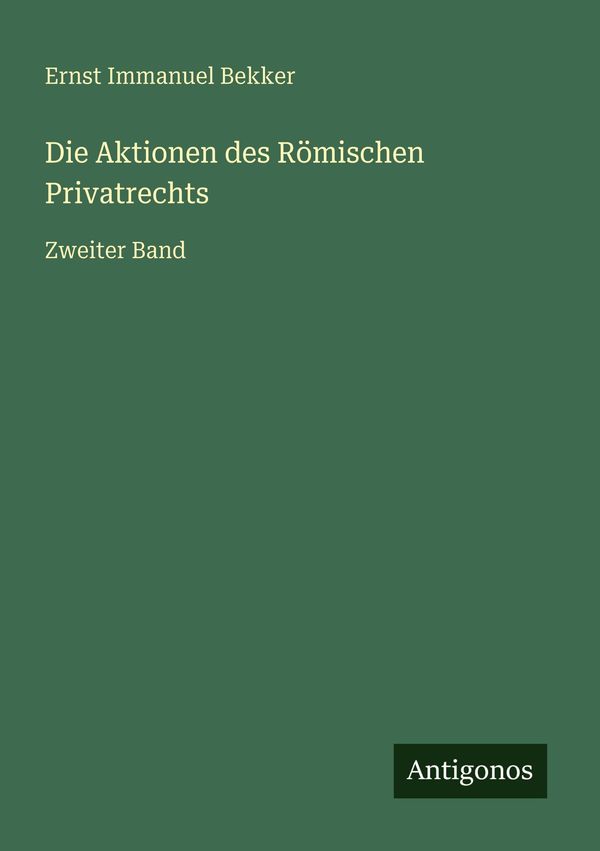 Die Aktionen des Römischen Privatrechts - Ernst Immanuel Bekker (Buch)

...

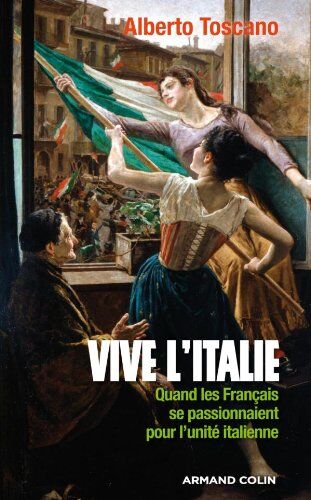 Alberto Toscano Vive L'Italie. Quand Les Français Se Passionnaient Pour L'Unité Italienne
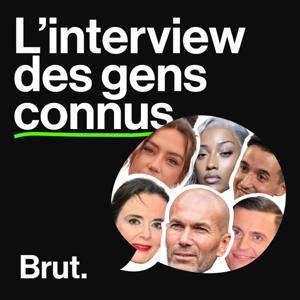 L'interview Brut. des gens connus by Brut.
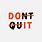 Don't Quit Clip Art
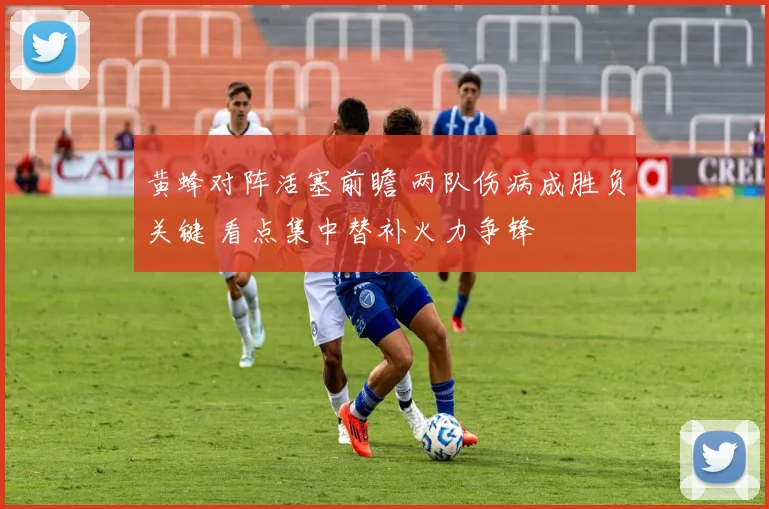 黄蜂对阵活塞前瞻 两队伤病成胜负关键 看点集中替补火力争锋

--

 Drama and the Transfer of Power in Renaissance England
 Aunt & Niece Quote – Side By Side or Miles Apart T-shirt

→ **WORK REQUEST**: The answer is those lines of the material above that run from the one containing "L'interview Brut. des gens connus by Brut." up to and including the one containing "黄蜂对阵活塞前瞻 两队伤病成胜负关键 看点集中替补火力争锋", restated exactly and without images.

→ **ANSWER BELOW**:
 L'interview Brut. des gens connus by Brut.
 Don't Quit Clip Art
 黄蜂对阵活塞前瞻 两队伤病成胜负关键 看点集中替补火力争锋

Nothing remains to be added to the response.